Task directions —
Under this line are the records; repeat exactly the lines starting at the one containing "Issunhoushi no Donnamondai" and ending at the one containing "Nise Seijo Kuso of the Year 36 10", omitting pictures.

Supplied data —

┄┄┄┄┄┄┄┄┄┄┄┄┄┄┄┄┄┄┄┄

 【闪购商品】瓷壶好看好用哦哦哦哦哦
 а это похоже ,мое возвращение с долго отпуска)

┄┄┄┄┄┄┄┄┄┄┄┄┄┄┄┄┄┄┄┄

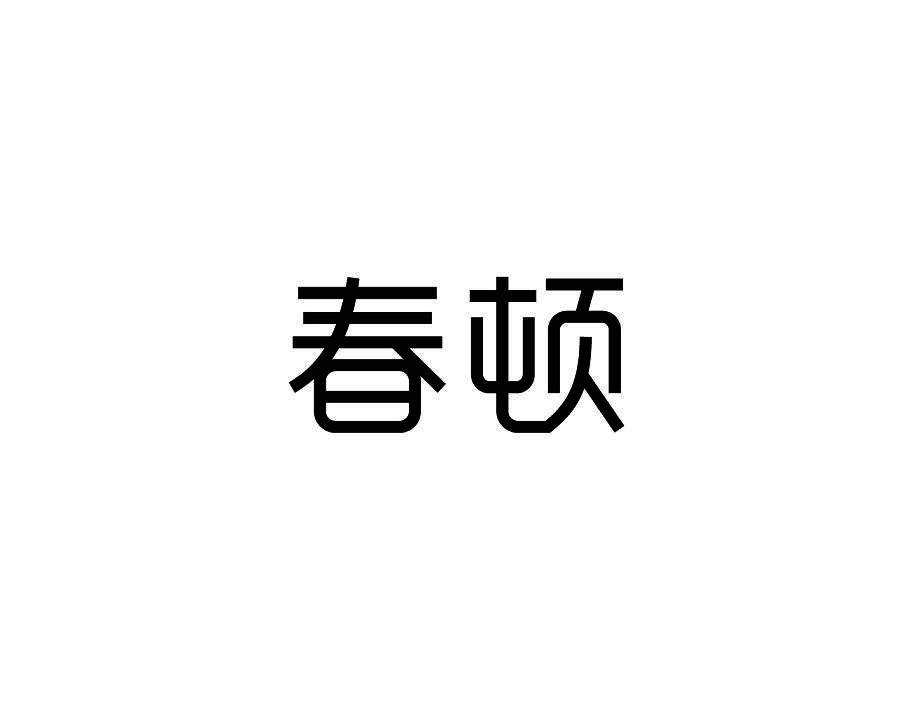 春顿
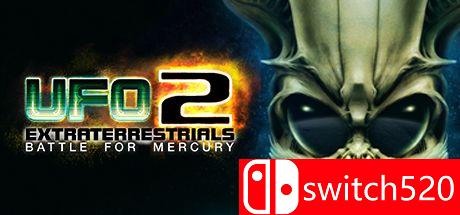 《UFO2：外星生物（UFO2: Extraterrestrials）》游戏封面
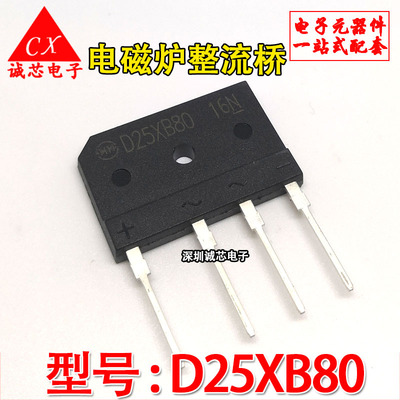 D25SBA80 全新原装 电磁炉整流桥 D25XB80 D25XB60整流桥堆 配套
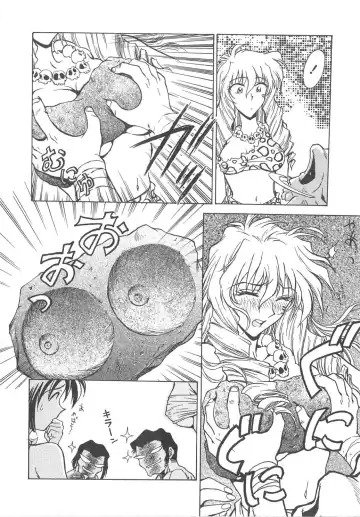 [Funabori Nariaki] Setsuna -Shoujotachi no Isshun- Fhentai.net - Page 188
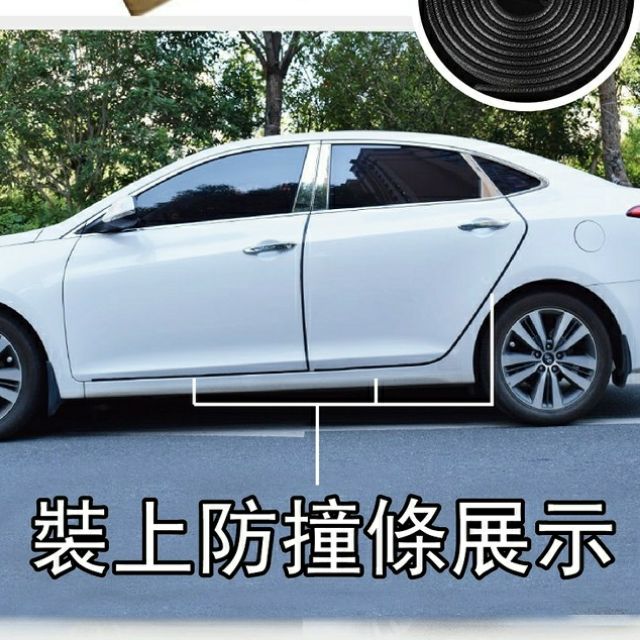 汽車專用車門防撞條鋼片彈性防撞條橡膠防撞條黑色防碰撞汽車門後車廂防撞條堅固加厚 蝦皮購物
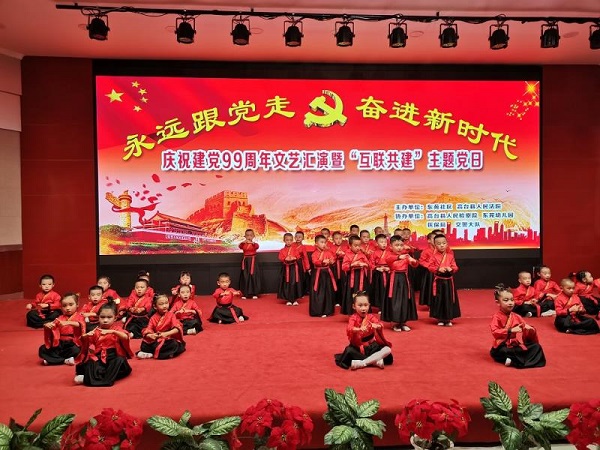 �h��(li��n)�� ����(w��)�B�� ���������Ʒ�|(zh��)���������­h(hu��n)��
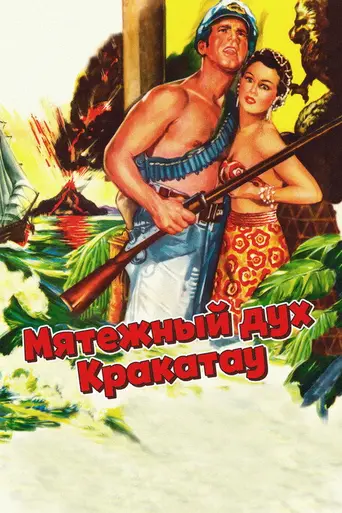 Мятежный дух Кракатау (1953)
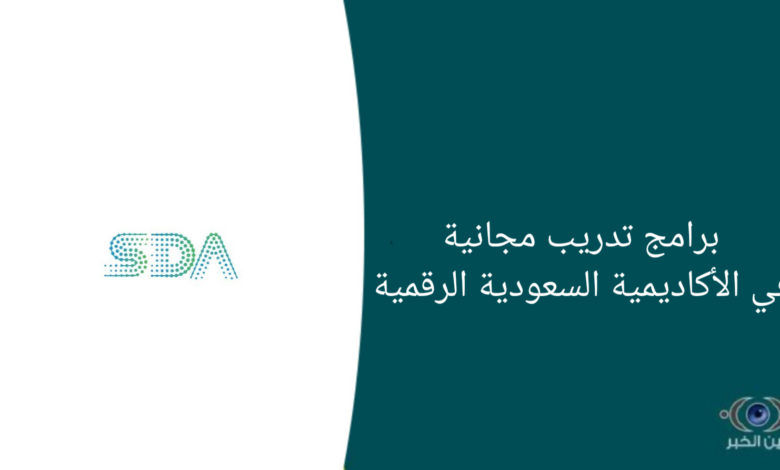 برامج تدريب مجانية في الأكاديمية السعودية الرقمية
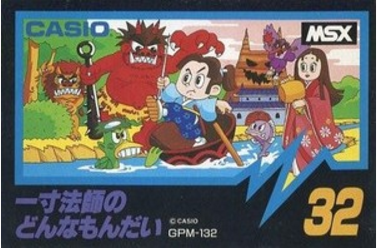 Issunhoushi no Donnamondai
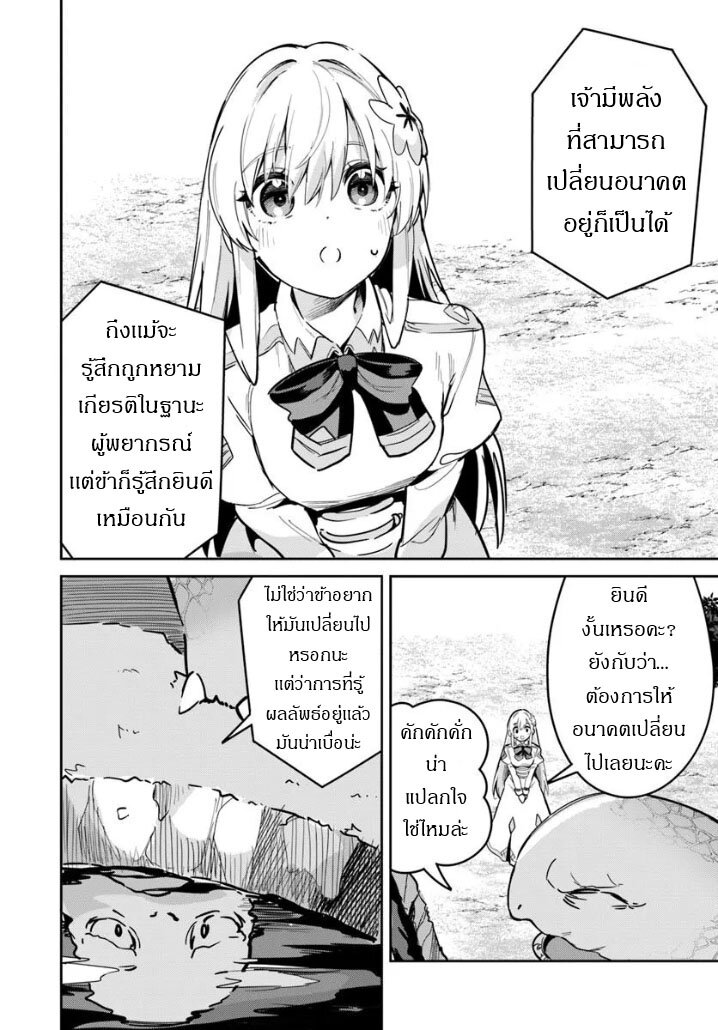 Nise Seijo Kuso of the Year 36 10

┄┄┄┄┄┄┄┄┄┄┄┄┄┄┄┄┄┄┄┄

Response for this exercise —
 Issunhoushi no Donnamondai
 Nise Seijo Kuso of the Year 36 10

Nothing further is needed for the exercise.